*** Opening The data ***

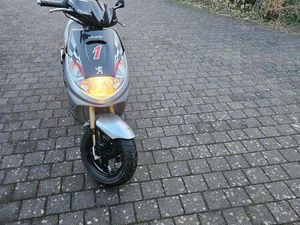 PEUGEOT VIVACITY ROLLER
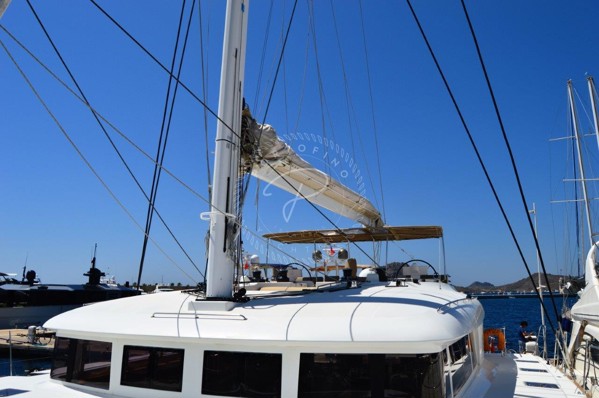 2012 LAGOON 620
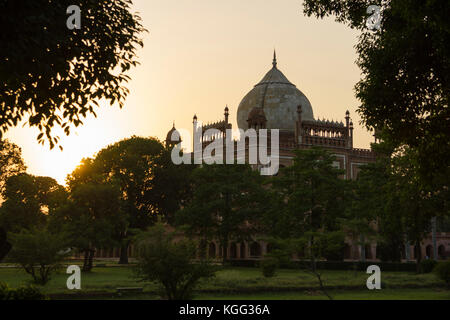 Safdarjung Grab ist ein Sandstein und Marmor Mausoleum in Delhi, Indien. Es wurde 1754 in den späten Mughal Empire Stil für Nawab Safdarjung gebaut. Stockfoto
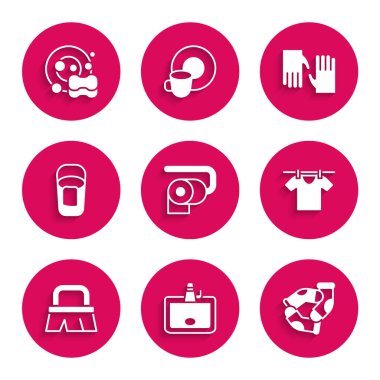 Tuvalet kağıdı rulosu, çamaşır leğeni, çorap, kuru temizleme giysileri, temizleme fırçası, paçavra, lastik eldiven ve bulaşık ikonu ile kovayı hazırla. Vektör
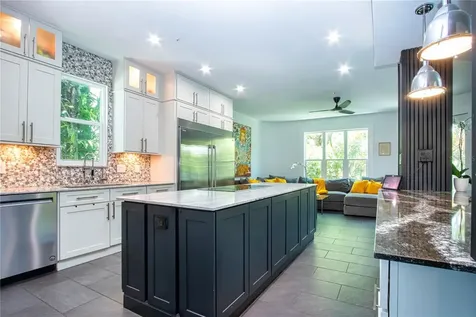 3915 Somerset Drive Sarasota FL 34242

*** Closing The data ***

● **What you will do**
What is needed is a word-for-word restatement of the lines from the one holding "Safdarjung Grab ist" to the final line of the data above, inclusive, without any pictures.

● **Response below**
 Safdarjung Grab ist ein Sandstein und Marmor Mausoleum in Delhi, Indien. Es wurde 1754 in den späten Mughal Empire Stil für Nawab Safdarjung gebaut. Stockfoto
 Tuvalet kağıdı rulosu, çamaşır leğeni, çorap, kuru temizleme giysileri, temizleme fırçası, paçavra, lastik eldiven ve bulaşık ikonu ile kovayı hazırla. Vektör
 3915 Somerset Drive Sarasota FL 34242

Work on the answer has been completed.